Bans or restrictions on mRNA vaccinations were introduced in seven countries. Such a legislative template in Idaho tried to pause “gene therapy vaccinations” for 10 years -a category in which they could incorrectly place covid vaccines and influence other therapeutic agents.

Similarly, in the state of Washington in Franklin County, a resolution adopted a resolution in which the local health facility was asked to stop and promote the vaccines of gene therapy. You also incorrectly included Covid -MRNA recordings in this category.

“There is now this burned Earth mentality, but I hope that, as soon as the dust has taken off, we restore or allow vaccine work so that we can continue to continue cancer,” said Sasson.

Cancer is the second most common cause of death in the United States, and two out of five people are diagnosed in any form of cancer in their lives.

There are currently only two vaccines approved by the FDA that prevent cancer from hepatitis B and human papillomavirus (HPV)-and both were attacked by anti-vaccine activists.

In January, Trump organized Stargate Ai in the White House. The project could finally identify cancer and develop MRNA vaccines in days, said Larry Ellison, chairman of the Tech company Oracle, who is involved in the project.

The project is financed by private, non -federal, dollars, but work on cancer would be based, among other things, on researching cancer and mRNA.

However, the Trump government has reduced other critical means of cancer research, prevention and treatment.

In the first three months of its term through the National Cancer Institute (NCI), the administration canceled more than $ 180 million and suggested to shorten $ 2.7 billion from the Cancer Center in the next NIH budget.

The administration has reduced financing for some family planning providers who often offer demonstrations for HPV and other cancer markers.

The legislator has also carried out enormous cuts in Medicaid and insurance through the Affordable Care Act (ACA), which could mean that insured and under -insured people are not waiting for cancer treatment longer.

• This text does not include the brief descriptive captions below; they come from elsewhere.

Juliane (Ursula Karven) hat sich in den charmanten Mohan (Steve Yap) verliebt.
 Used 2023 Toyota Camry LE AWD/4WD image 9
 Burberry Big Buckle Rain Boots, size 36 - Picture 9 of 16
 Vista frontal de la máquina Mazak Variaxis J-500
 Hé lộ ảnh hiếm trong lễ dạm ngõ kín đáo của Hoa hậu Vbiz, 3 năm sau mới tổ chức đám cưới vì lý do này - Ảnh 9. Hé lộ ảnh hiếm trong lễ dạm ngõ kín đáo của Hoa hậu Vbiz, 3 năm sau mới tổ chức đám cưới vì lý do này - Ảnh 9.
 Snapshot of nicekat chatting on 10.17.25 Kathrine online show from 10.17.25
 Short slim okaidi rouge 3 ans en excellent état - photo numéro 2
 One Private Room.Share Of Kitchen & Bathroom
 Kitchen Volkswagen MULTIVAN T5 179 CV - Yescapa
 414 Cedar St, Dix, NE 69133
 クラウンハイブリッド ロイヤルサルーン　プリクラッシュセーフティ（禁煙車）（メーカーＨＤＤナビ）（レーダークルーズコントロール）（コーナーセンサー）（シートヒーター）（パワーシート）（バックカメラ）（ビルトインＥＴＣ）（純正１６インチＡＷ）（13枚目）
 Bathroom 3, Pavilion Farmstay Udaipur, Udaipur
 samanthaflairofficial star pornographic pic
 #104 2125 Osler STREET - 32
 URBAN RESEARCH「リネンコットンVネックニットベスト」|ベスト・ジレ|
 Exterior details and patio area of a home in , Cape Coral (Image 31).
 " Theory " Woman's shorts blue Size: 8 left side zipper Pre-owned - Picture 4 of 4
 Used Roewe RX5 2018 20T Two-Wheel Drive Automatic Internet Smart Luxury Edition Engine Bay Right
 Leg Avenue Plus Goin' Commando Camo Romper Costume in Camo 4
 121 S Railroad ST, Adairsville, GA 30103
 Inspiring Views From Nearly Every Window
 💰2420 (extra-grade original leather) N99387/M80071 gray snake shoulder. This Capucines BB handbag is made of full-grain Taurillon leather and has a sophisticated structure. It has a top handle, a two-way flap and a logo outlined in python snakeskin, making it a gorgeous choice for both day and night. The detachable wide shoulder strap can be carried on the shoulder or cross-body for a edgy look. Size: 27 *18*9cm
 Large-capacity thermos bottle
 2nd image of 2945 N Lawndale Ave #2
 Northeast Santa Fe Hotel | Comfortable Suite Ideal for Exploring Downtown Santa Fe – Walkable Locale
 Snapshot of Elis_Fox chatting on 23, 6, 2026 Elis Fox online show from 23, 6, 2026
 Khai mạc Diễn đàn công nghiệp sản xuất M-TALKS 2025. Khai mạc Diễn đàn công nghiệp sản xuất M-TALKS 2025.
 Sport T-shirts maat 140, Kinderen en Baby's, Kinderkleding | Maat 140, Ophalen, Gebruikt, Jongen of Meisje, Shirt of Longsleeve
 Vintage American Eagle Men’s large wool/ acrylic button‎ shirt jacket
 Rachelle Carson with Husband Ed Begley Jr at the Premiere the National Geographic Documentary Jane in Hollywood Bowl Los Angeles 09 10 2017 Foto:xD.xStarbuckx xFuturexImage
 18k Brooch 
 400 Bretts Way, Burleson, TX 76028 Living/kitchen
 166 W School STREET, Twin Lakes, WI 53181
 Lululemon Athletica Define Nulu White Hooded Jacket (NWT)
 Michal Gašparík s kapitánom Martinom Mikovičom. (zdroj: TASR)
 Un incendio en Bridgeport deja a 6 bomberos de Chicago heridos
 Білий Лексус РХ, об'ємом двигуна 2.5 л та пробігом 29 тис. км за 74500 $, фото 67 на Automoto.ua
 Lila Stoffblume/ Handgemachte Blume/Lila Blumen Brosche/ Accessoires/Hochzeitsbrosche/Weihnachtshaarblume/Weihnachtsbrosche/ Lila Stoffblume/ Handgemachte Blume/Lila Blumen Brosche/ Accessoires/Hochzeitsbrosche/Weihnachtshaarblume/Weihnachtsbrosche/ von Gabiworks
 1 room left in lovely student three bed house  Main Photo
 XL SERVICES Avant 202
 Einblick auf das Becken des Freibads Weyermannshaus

“There is the potential for great damage that massive problems with public health during this really broad approach to cancel research will be put aside,” said Sasson. “There is considerable damage that is done by these comprehensive changes.”

For scientists who still have funds or those who enter the field, “there are enormous uncertainties about what the future will look like,” said Sasson.

However, he is optimistic that MRNA vaccines against cancer and other diseases will be able to get ahead.

Scientists are often “just trying to survive financing cuts”, but that is not entirely correct.

Sayour repeated concerns about indirect and direct forces that shape the progress on MRNA vaccines.

“But I also want to be optimistic that our best days are ahead of us,” he said.